Look below for the line with "2016 Honda Civic" and the line with "Silver bracelet on"; repeat exactly those two lines and all lines between them, but no pictures.
Entries supplied Start Marker
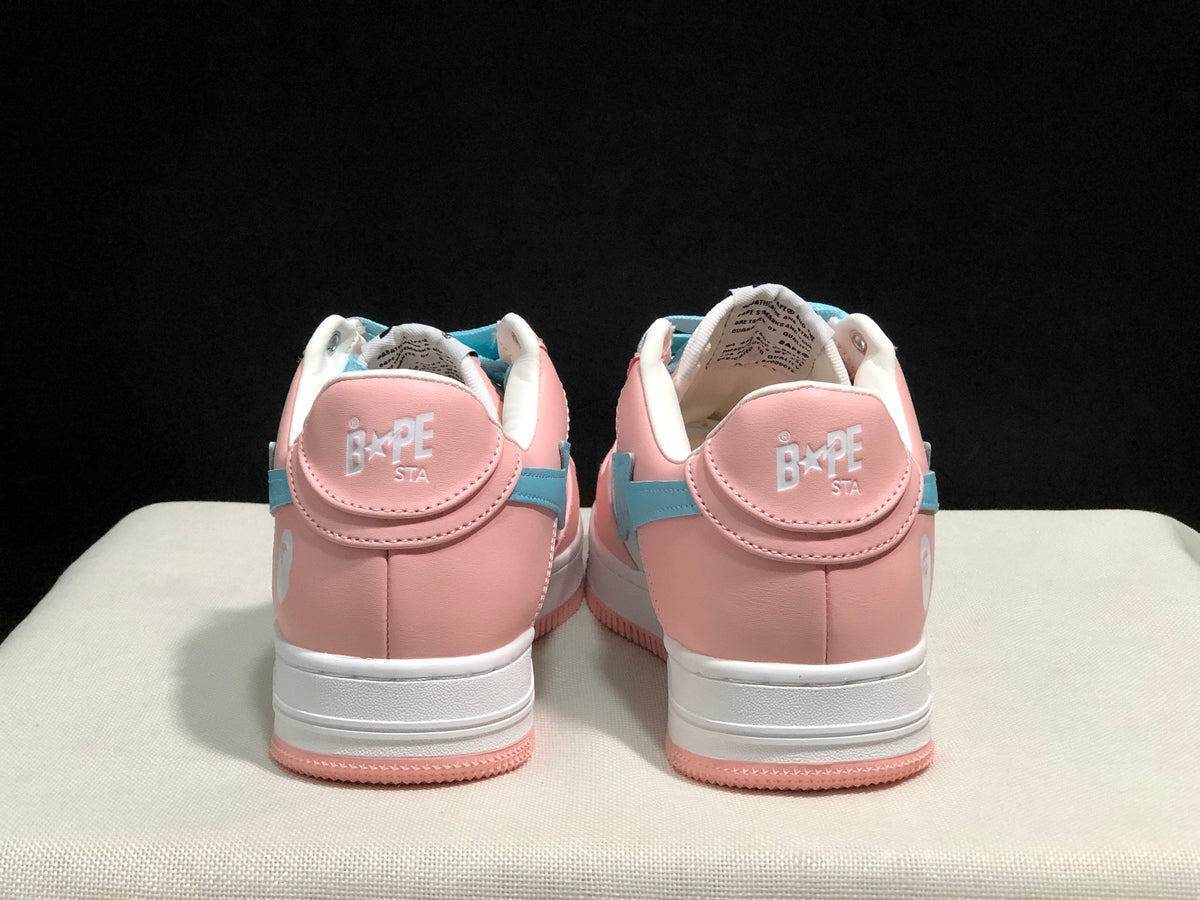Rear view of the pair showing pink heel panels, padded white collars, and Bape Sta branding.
Entries supplied End Marker
Entries supplied Start Marker
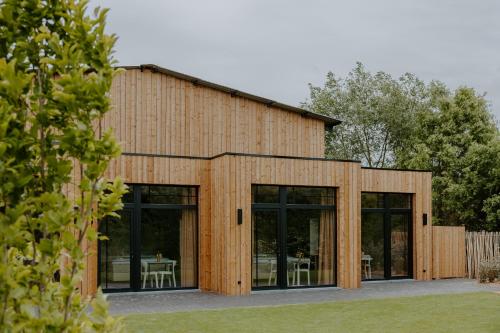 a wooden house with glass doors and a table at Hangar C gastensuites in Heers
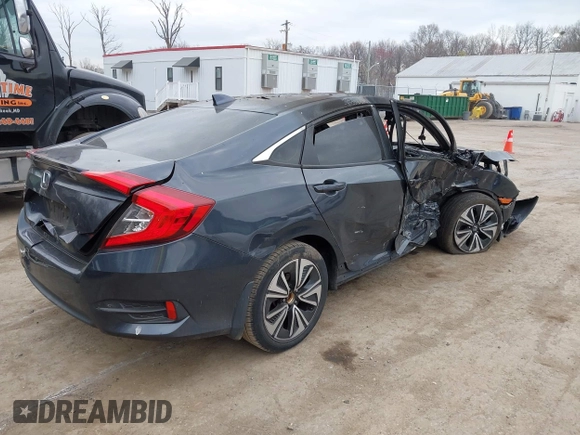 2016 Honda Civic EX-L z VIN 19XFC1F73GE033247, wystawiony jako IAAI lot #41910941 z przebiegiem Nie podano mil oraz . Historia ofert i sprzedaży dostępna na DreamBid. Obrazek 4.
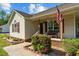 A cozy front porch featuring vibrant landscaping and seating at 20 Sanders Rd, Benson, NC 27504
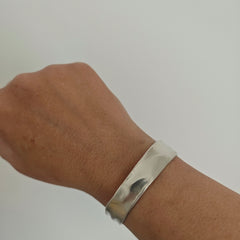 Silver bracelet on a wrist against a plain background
Entries supplied End Marker
Exercise output:
 2016 Honda Civic EX-L z VIN 19XFC1F73GE033247, wystawiony jako IAAI lot #41910941 z przebiegiem Nie podano mil oraz . Historia ofert i sprzedaży dostępna na DreamBid. Obrazek 4.
 A cozy front porch featuring vibrant landscaping and seating at 20 Sanders Rd, Benson, NC 27504
 Silver bracelet on a wrist against a plain background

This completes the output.